**THE DATA**.
-------

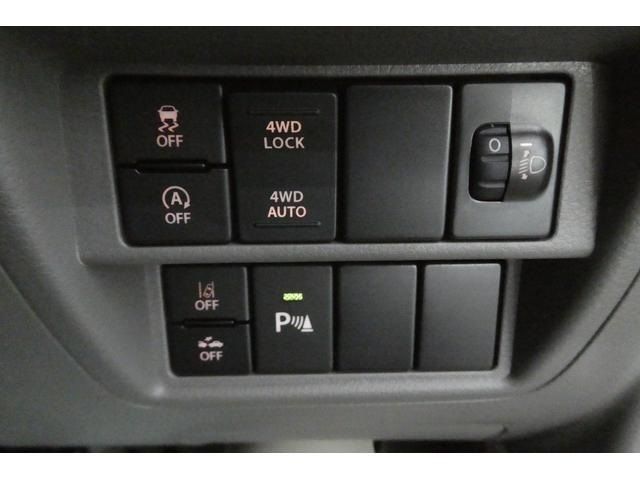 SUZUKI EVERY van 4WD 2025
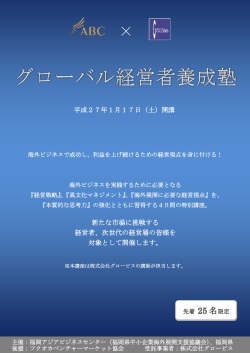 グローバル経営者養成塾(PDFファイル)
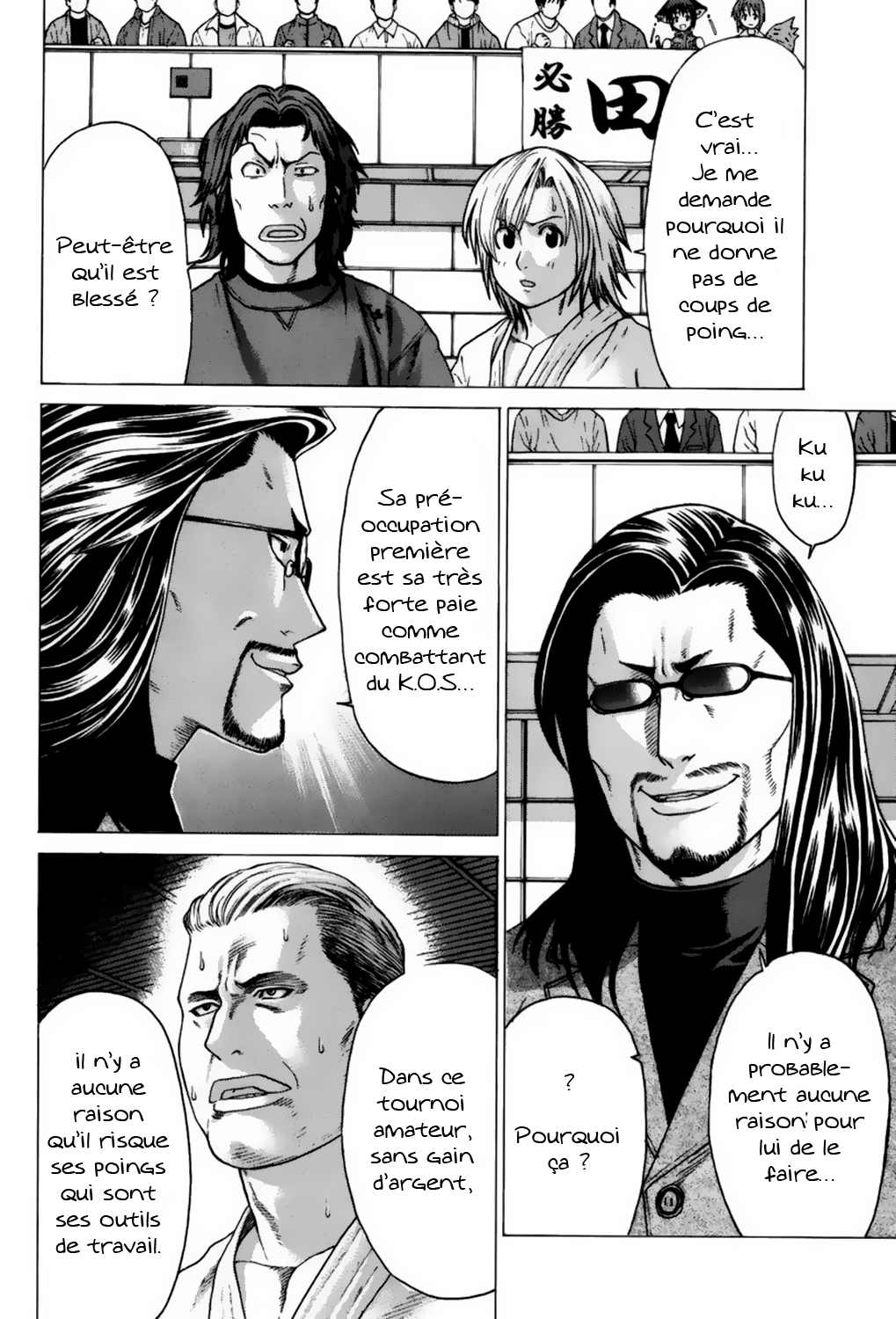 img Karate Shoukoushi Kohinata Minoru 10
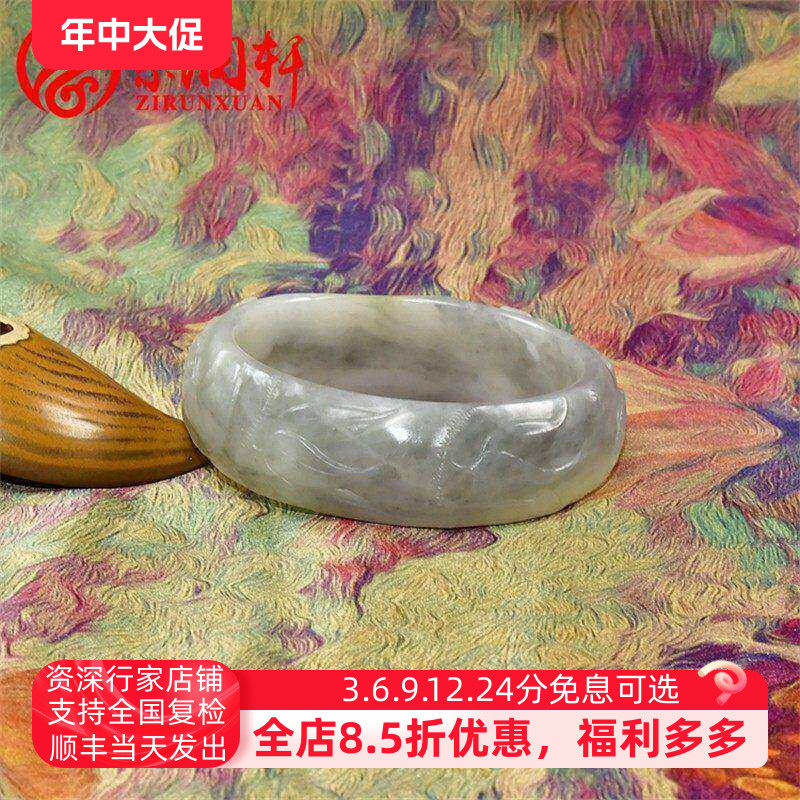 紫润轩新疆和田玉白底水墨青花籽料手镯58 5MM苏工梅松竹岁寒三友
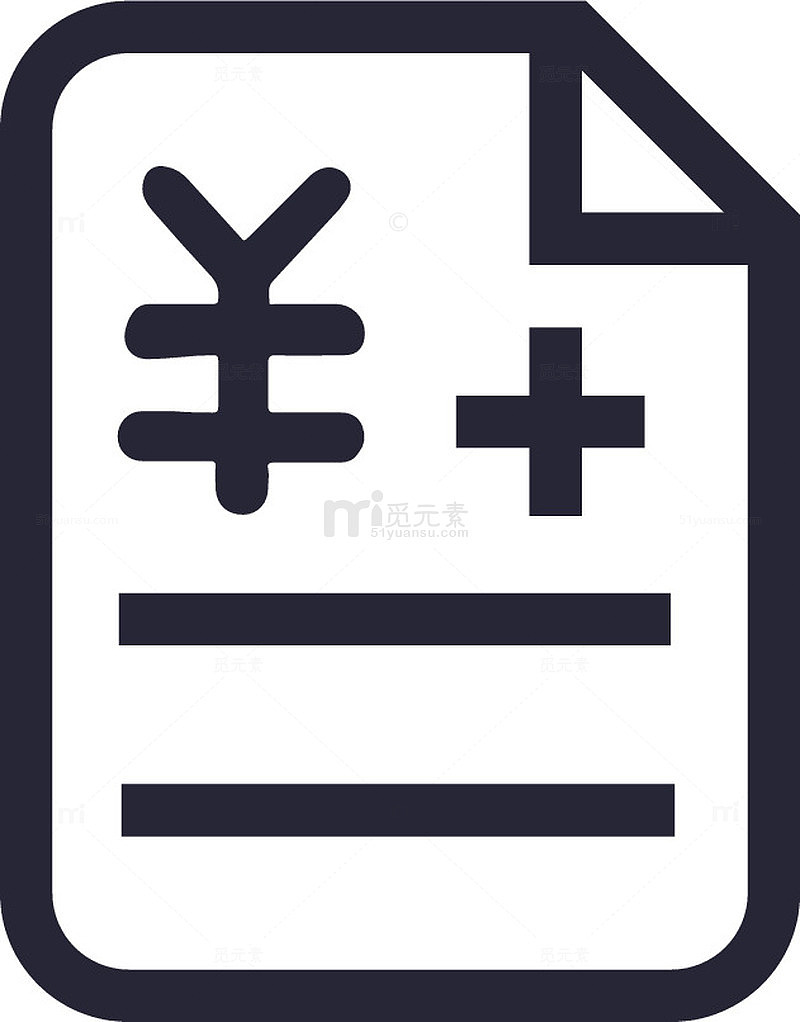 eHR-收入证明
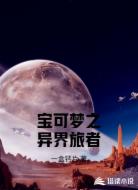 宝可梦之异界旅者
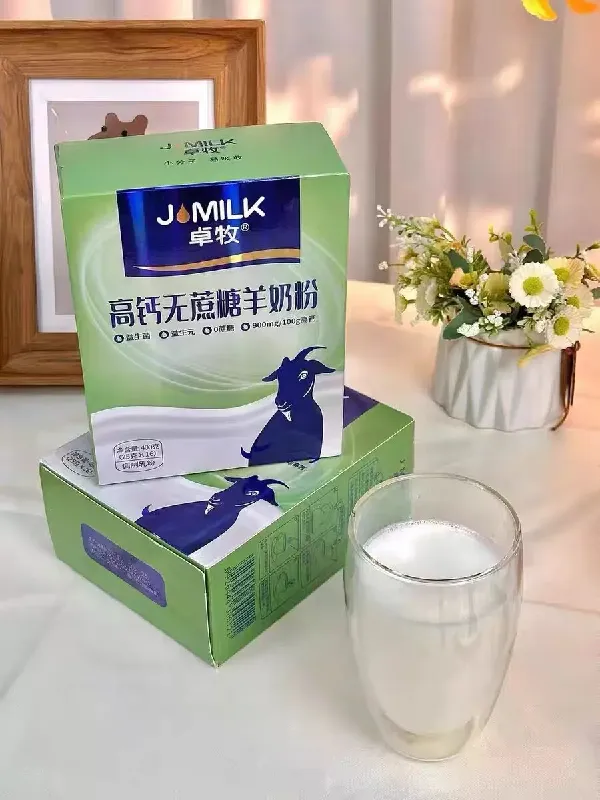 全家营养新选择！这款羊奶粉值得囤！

-------

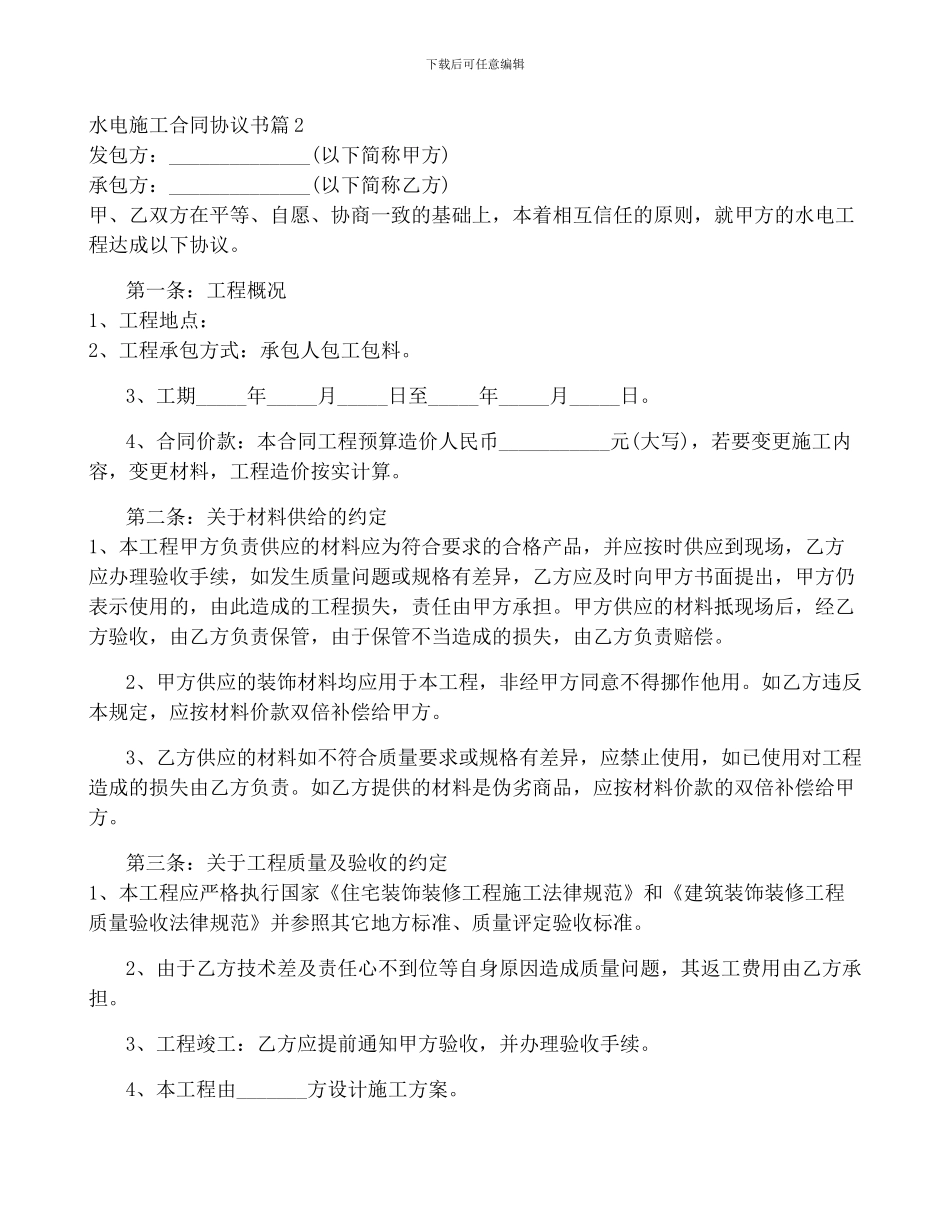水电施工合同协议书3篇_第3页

-------

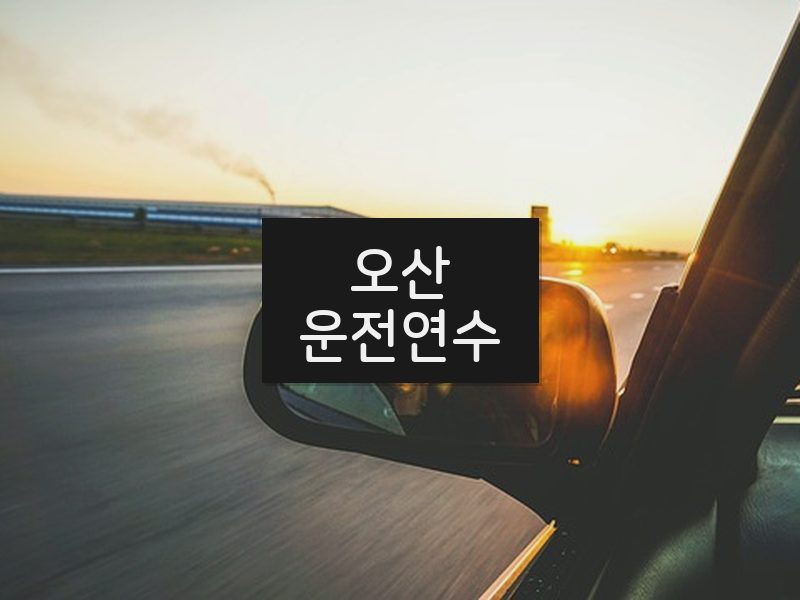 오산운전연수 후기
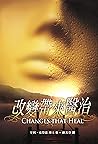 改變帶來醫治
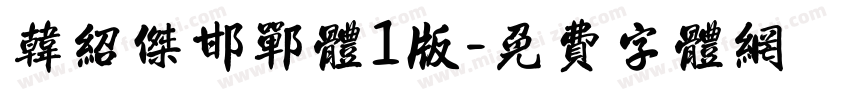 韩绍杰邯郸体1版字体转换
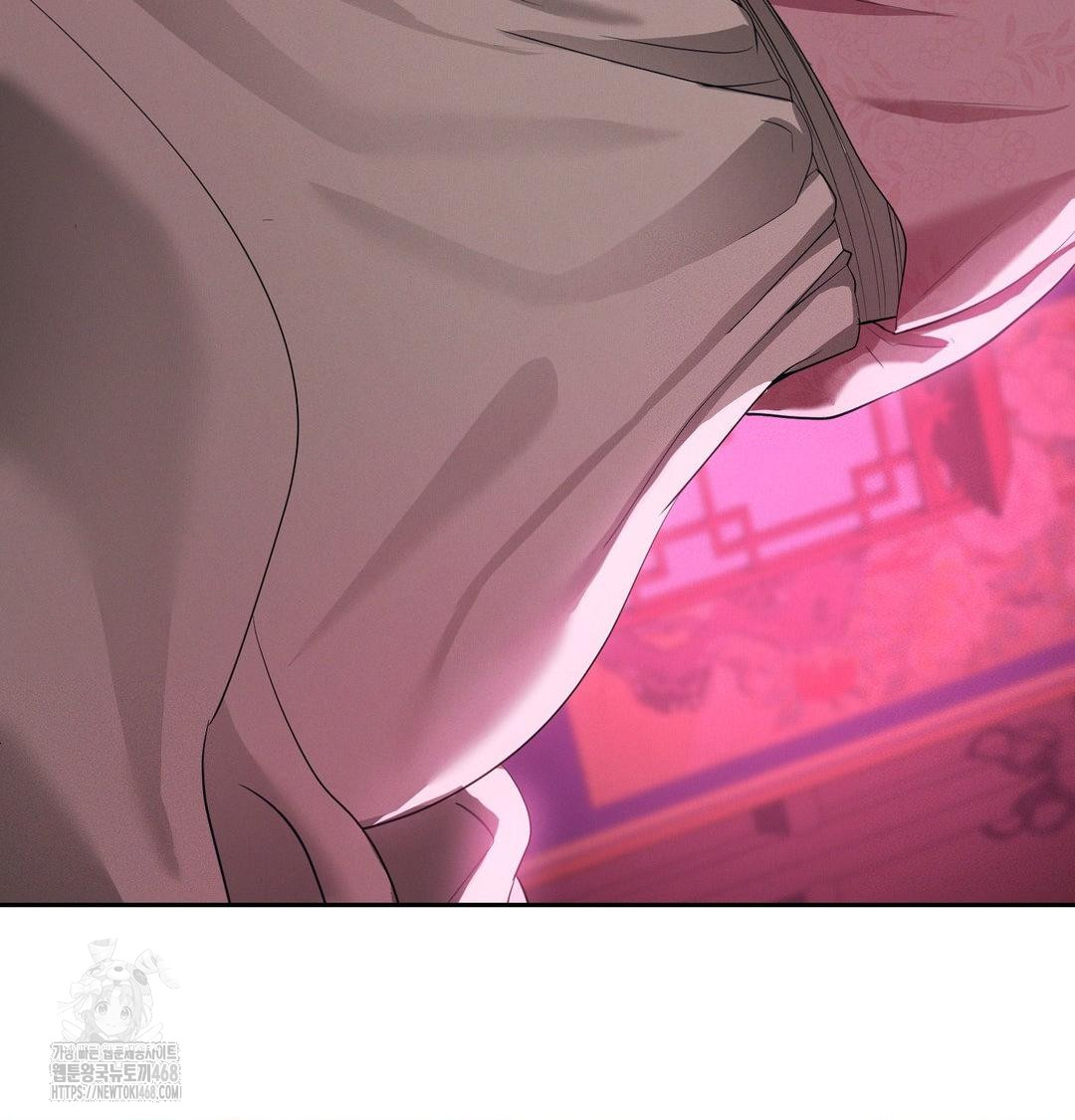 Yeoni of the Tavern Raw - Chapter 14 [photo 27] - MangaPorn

-------

**EXERCISE PROMPT**. Among the entries above, take the lines from the one with "SUZUKI EVERY van 4WD 2025" through the one with "全家营养新选择！这款羊奶粉值得囤！" and retype them exactly, leaving out the pictures.

**RESPONSE**.
 SUZUKI EVERY van 4WD 2025
 グローバル経営者養成塾(PDFファイル)
 img Karate Shoukoushi Kohinata Minoru 10
 紫润轩新疆和田玉白底水墨青花籽料手镯58 5MM苏工梅松竹岁寒三友
 eHR-收入证明
 宝可梦之异界旅者
 全家营养新选择！这款羊奶粉值得囤！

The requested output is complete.